NobodyXu avatar Oct 17 '22 11:10 NobodyXu

Any estimation on when this will be available on stable? Using the sparse registry feature is the only available solution for the following issue in Artifactory https://www.jfrog.com/jira/browse/RTFACT-27248 which is currently a blocker for us.

jasal82 avatar Dec 01 '22 12:12 jasal82

@jasal82 for corporate proxies, use net.git-fetch-with-cli = true.

kornelski avatar Dec 01 '22 14:12 kornelski

@kornelski We're already using that option in the clients. However, for production use we must not use the upstream repositories but Artifactory remote caches instead. Now the problem is that Artifactory cannot properly update its remote caches from the upstream repo when a new previously uncached package is requested. This is definitely a bug in Artifactory but they refuse to fix it and the only answer we got from them is that we should use sparse registries instead which seems to work.

jasal82 avatar Dec 01 '22 19:12 jasal82

I'd also be interested on when this might hit stable. We also have CI difficulties/runarounds in docker because Cargo deciding that it needs to clone the index from scratch takes a long time for whatever reason, and I suspect we're not alone in that.
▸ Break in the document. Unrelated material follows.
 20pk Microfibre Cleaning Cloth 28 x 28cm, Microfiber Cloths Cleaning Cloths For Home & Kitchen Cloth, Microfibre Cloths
For the curious our docker solution is cargo install lazy-static which forces cargo to get an index before failing out because there's no binary target.

ahicks92 avatar Dec 01 '22 21:12 ahicks92

For what it's worth, rust-analyzer also tends to get blamed for this ("but after I closed Code, I ran cargo clean and cargo check and they were fast, it's RA that's slow!") because it calls cargo metadata when loading the project.

lnicola avatar Dec 02 '22 05:12 lnicola

It's bad even on my gigabit internet at this point if I'm being honest. But since that's once per install that doesn't seem worth complaining about, or something like that. I'll be honest though: I dread that progress bar nowadays.

ahicks92 avatar Dec 02 '22 14:12 ahicks92

A proposal to stabilize this has been posted at #11224.

ehuss avatar Jan 04 '23 18:01 ehuss

Sparse registries are now stabilized and will be available in Rust 1.68, which will be released on 2023-03-09. I'm going to close this tracking issue as I think it has served its purpose. There is still some future work to be continued, such as better support for third-party registries. Those issues can be tracked in the https://github.com/rust-lang/cargo/labels/A-sparse-registry label.

ehuss avatar Jan 30 '23 14:01 ehuss

I'm super glad this got merged, but I am having trouble finding the necessary config steps to enable the new behaviour. Most of the documentation, like in the first post in this issue, still mention it as unstable feature to be enabled with -Z. Adding [registries.crates-io] protocol = sparse to my cargo.toml doesn't work, i suppose it needs to be added to some cargo config file somewhere else. Could someone that got it running write some annotations or documentation in some easy to find places?

Christoph-AK avatar Mar 22 '23 16:03 Christoph-AK

Cargo.toml doesn't work

Agreed, this is a great feature! According to the release notes you're supposed to add the setting to .cargo/config.toml, not Cargo.toml. Either that, or set the environment variable CARGO_REGISTRIES_CRATES_IO_PROTOCOL=sparse. The release notes have some links to more information as well!

JockeTF avatar Mar 22 '23 17:03 JockeTF

you're supposed to add the setting to .cargo/config.toml, not Cargo.toml.

thanks for this and those links, but for future outsider readers like me, it looks like this became the default in cargo 1.70 which was released on June 2023 (https://blog.rust-lang.org/2023/06/01/Rust-1.70.0.html#sparse-by-default-for-cratesio), so a better approach now IMO is just to rustup update, which will use the fast index on all repos by default without any per-repo config.

jose-mut-lopez avatar Jun 19 '23 14:06 jose-mut-lopez